Depreciation of a vehicle purchased on credit can have both direct and indirect effects on the four financial statements: the balance sheet, income statement, cash flow statement, and statement of retained earnings. Here's how:

  1. Balance Sheet: Depreciation affects the balance sheet directly. When a vehicle is depreciated, the value of the asset (vehicle) decreases. This decrease is recorded in the accumulated depreciation account, which is a contra asset account. This means that the total value of assets on the balance sheet decreases. On the liabilities side, if the vehicle was purchased on credit, there would be a liability representing the loan. This liability would decrease as payments are made on the loan.

  2. Income Statement: Depreciation is an expense, and as such, it directly affects the income statement. When the vehicle is depreciated, the depreciation expense is recorded on the income statement. This reduces the company's net income or increases its net loss.

  3. Cash Flow Statement: Depreciation indirectly affects the cash flow statement.

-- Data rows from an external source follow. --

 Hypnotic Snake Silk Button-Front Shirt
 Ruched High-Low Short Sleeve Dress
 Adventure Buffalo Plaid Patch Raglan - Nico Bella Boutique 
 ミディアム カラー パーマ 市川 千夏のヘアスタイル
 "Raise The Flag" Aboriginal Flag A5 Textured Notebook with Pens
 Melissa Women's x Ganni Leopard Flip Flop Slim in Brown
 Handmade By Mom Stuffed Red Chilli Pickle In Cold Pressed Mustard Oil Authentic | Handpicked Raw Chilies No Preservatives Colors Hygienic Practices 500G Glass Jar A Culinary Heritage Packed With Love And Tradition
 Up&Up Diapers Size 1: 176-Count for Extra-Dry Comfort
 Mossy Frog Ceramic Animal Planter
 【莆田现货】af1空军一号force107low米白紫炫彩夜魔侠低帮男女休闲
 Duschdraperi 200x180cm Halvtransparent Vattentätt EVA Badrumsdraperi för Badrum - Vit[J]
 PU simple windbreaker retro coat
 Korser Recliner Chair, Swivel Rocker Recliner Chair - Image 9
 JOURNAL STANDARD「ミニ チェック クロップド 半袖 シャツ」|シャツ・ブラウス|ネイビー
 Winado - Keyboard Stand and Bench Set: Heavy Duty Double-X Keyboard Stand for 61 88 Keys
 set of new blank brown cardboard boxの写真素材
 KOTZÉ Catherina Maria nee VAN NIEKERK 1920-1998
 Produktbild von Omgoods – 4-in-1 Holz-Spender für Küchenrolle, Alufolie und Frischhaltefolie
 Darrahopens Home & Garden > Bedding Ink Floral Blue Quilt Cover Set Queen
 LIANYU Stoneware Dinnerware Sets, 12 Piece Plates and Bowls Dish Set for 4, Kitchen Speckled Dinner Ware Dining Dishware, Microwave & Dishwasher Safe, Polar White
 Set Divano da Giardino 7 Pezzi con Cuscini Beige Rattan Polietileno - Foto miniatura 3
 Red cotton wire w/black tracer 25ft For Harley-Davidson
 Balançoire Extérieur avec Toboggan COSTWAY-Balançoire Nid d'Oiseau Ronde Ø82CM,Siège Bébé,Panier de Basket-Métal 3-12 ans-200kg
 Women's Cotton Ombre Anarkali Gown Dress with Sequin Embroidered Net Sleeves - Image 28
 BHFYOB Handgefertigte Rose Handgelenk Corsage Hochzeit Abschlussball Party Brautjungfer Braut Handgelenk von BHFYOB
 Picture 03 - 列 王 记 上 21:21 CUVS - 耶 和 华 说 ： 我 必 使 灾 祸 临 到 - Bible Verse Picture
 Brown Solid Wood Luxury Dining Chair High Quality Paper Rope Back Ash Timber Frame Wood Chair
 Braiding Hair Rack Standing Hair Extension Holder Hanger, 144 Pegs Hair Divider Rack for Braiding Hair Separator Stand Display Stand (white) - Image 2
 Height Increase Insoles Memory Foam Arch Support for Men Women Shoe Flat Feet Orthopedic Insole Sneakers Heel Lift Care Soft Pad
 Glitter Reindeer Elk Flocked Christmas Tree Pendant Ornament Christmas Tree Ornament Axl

While depreciation itself is a non-cash expense (meaning it doesn't involve an actual outflow of cash), it is added back to the net income in the operating activities section of the cash flow statement. This is because the net income is reduced by the depreciation expense on the income statement, but since no cash was actually paid out for this expense, it needs to be added back to accurately reflect the company's cash flow.

  4. Statement of Retained Earnings: The statement of retained earnings is affected indirectly. This statement shows the changes in a company's retained earnings over a period of time. Since net income (or loss) from the income statement is added to (or subtracted from) the beginning retained earnings, and depreciation reduces net income, it indirectly reduces retained earnings.

In summary, depreciation of a vehicle purchased on credit directly affects the balance sheet and income statement by reducing asset values and net income, respectively. It indirectly affects the cash flow statement and statement of retained earnings by influencing the calculation of cash flows from operations and changes in retained earnings, respectively.